Critical Nuclear Issues In South Asia

Consensus is unlikely in the nuclear debate but openness can evolve better policies and implementation, says Nalaka Gunawardene.

AsianScientist (Mar. 3, 2015) – By Nalaka Gunawardene – South Asian countries are stepping up using and collaborating in civilian nuclear technologies. In pursuit of new opportunities, however, it is imperative that governments address safety concerns adequately.

Greater public understanding is also needed so that people can distinguish between nuclear weapons, nuclear energy generation and other nuclear applications in various spheres of development. Right now, conflation is common which, in turn, causes confusion.

Nuclear matters have long been contentious in India and Pakistan due to government secrecy surrounding military applications. Both countries possess home-built nuclear weapons, but neither has signed the Treaty on the Non-Proliferation of Nuclear Weapons which came into force in 1970. Specifics of their arsenals thus remain unknown.

Nuclear energy activities are somewhat more open, though no less controversial. Both India and Pakistan have functional nuclear power plants which generate around four percent of electricity in each country.

Opinion is divided on the cost-benefits of nuclear power. Environmental and radiation safety issues have come into sharp focus since Fukushima nuclear accident in Japan in 2011 and some new plants in South Asia have drawn sustained public protests.
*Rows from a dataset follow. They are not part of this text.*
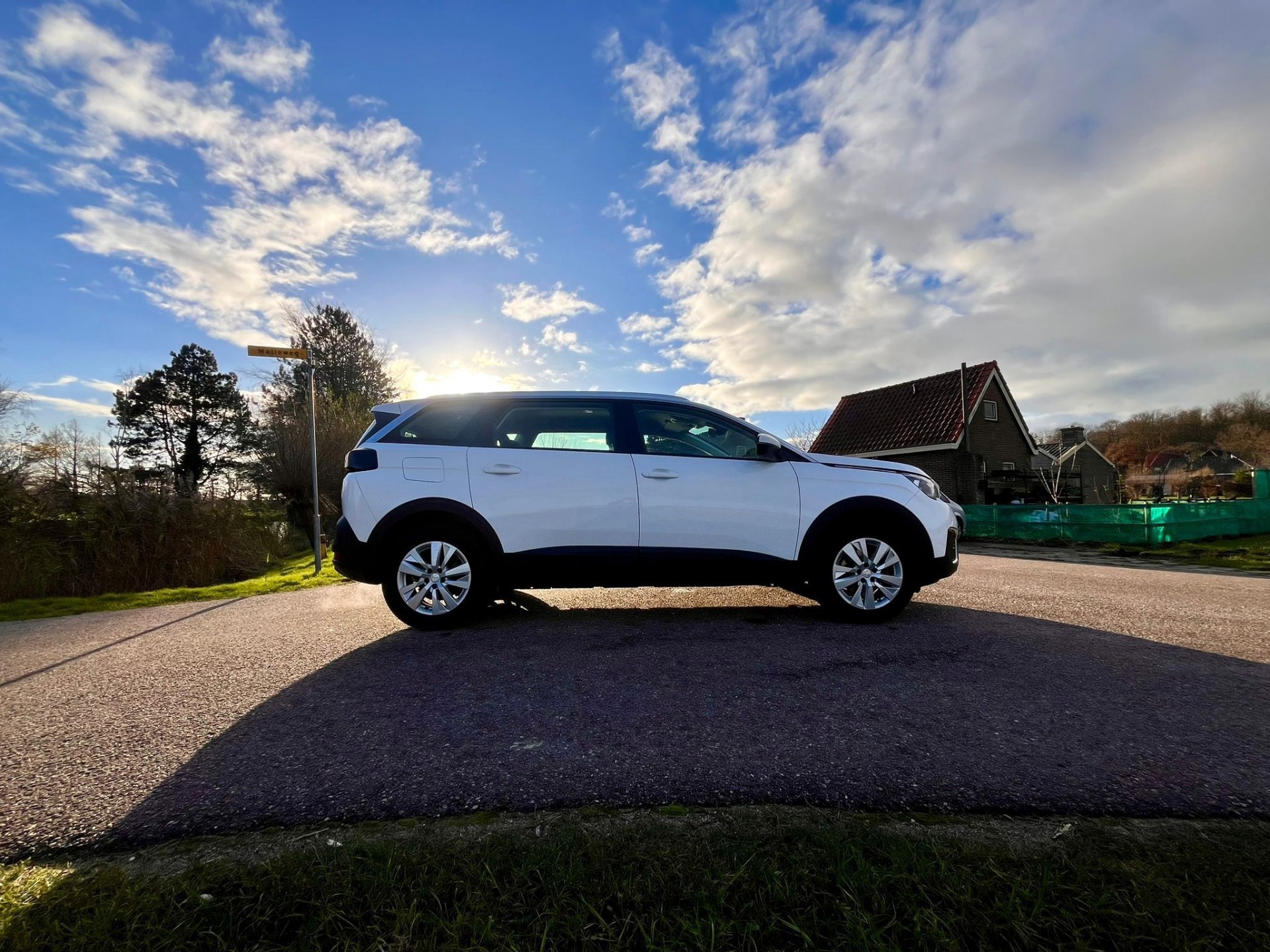 Peugeot 5008 1.2 PureTech Blue Lease Executive 7Pers (2018), foto 7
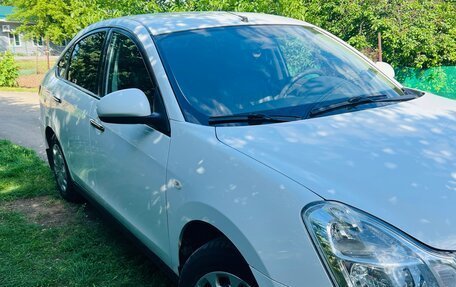 Nissan Almera, 2018 год, 899 999 рублей, 15 фотография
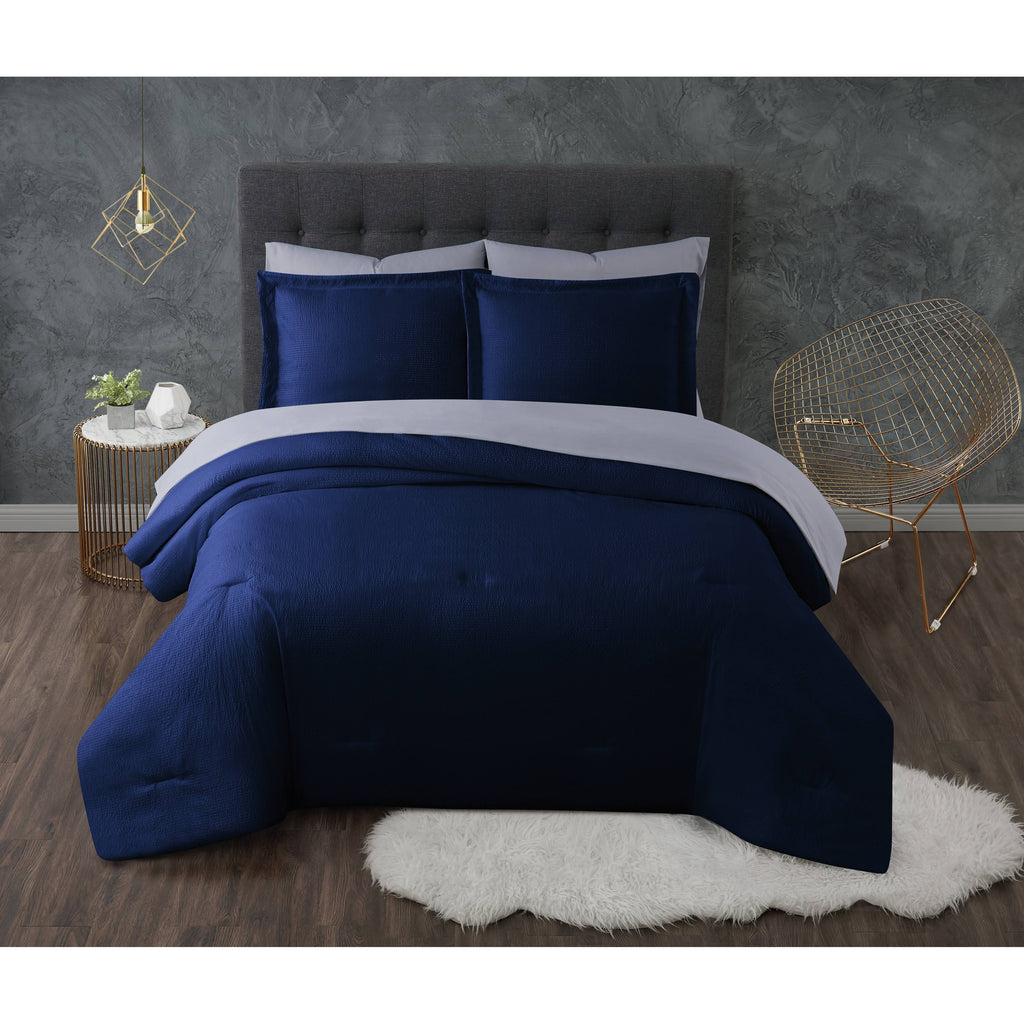 7 Piece Bed in A Bag M453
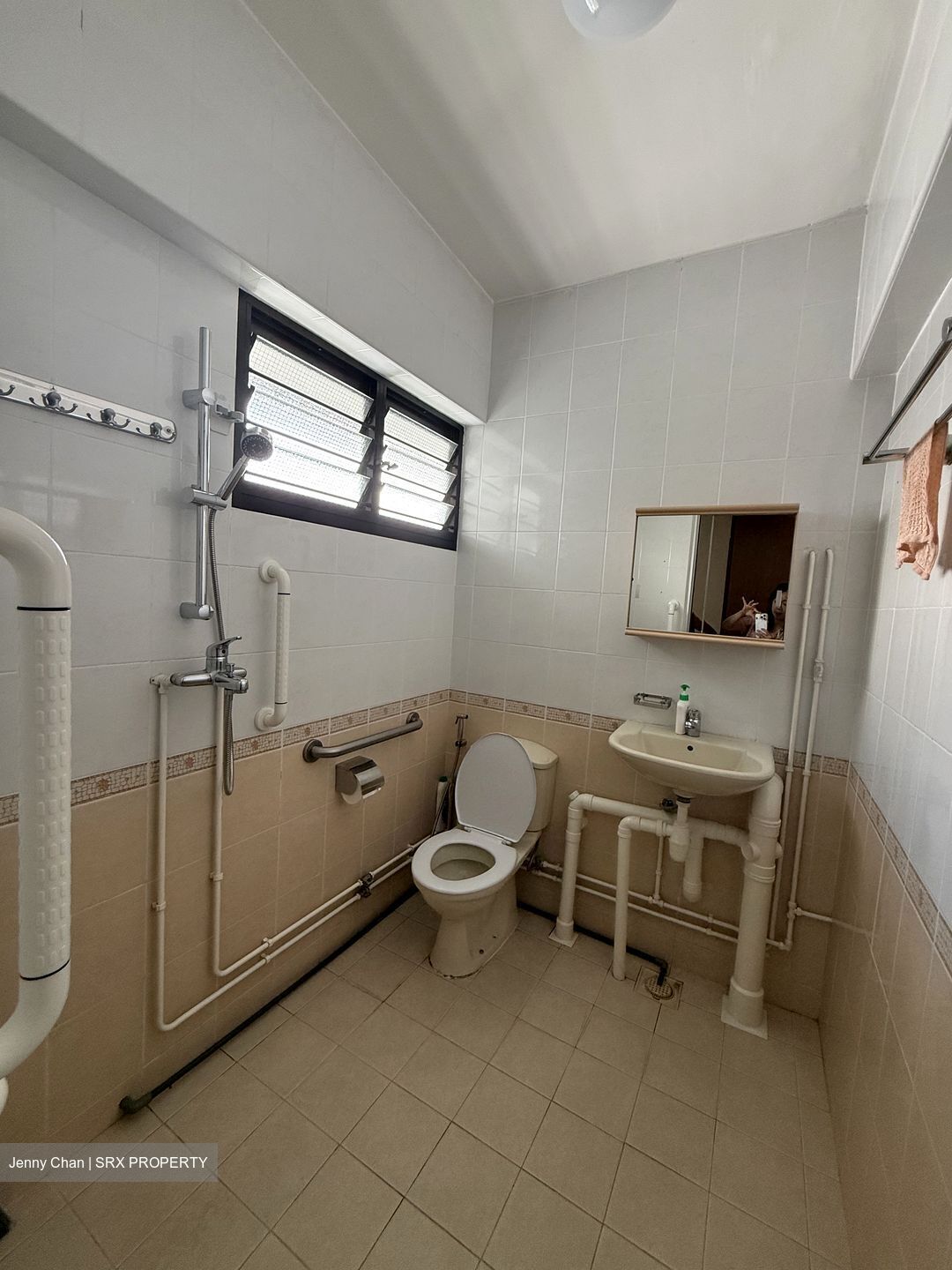 Blk 612 Clementi West Street 1 (Clementi), HDB 4 Rooms #591951531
Eclipsed by these debates is the use of radioactive isotopes in agriculture, food preservation, water management, healthcare and industrial processes. Beneath media’s radar, these have been going on for decades.
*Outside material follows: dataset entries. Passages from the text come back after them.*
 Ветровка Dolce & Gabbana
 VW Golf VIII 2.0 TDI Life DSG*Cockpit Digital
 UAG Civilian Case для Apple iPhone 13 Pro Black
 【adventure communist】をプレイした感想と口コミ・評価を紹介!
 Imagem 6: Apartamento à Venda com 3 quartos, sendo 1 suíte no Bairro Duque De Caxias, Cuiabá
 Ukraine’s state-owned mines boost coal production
Our challenge is to scale up these applications while increasing the entire sector’s transparency and public accountability. Sustainable development would falter without such public trust.


Bilateral cooperation

Bilateral cooperation in civilian nuclear technologies has been increasing, both among the eight member countries of South Asian Association for Regional Cooperation, as well as between some of them and industrialized countries.

Among the most widely reported is the Indo-US civil nuclear agreement of 2007. Through this, India agreed to separate its civil and military nuclear facilities and to place the civil nuclear facilities under International Atomic Energy Agency (IAEA) safeguards. In exchange, the US agreed to work toward full civil nuclear cooperation with India.
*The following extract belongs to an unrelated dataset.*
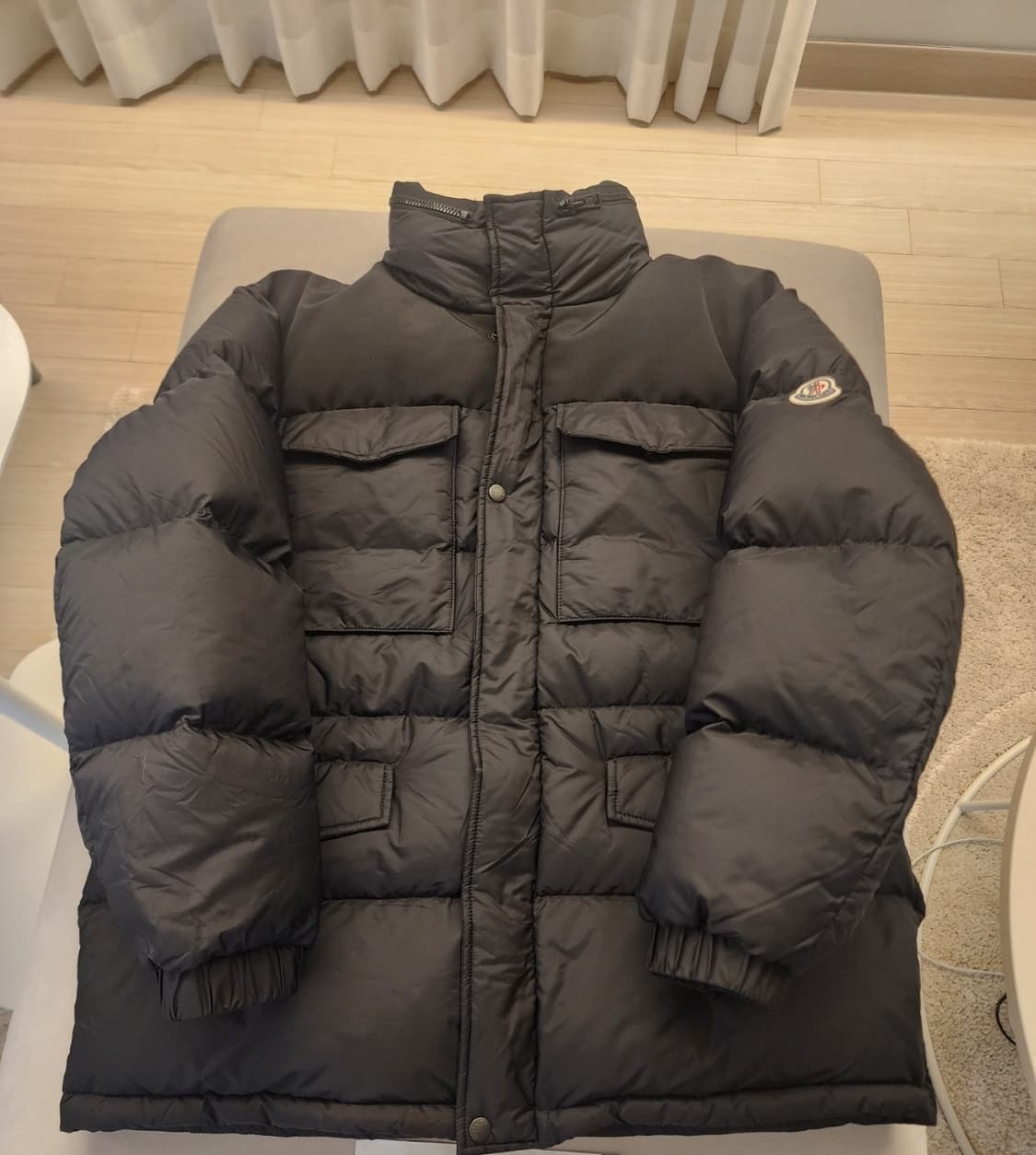 [3]몽클레어 카무이 상품이미지2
During the January 2015 visit of U.S. President Barack Obama, the two countries, agreeing on the limits of nuclear liability, advanced this process further.

As with its space program, India has the most advanced nuclear technologies in South Asia. It has begun sharing that expertise with some neighboring countries—perhaps as a way of countering China’s own efforts in this respect.

On February 16, 2015, India and Sri Lanka signed a bilateral agreement to cooperate in peaceful uses of nuclear technology. Under this, India will help the island nation build its nuclear energy infrastructure, upgrade existing nuclear technologies and train specialized staff. The two countries will also collaborate in producing and using radioactive isotopes.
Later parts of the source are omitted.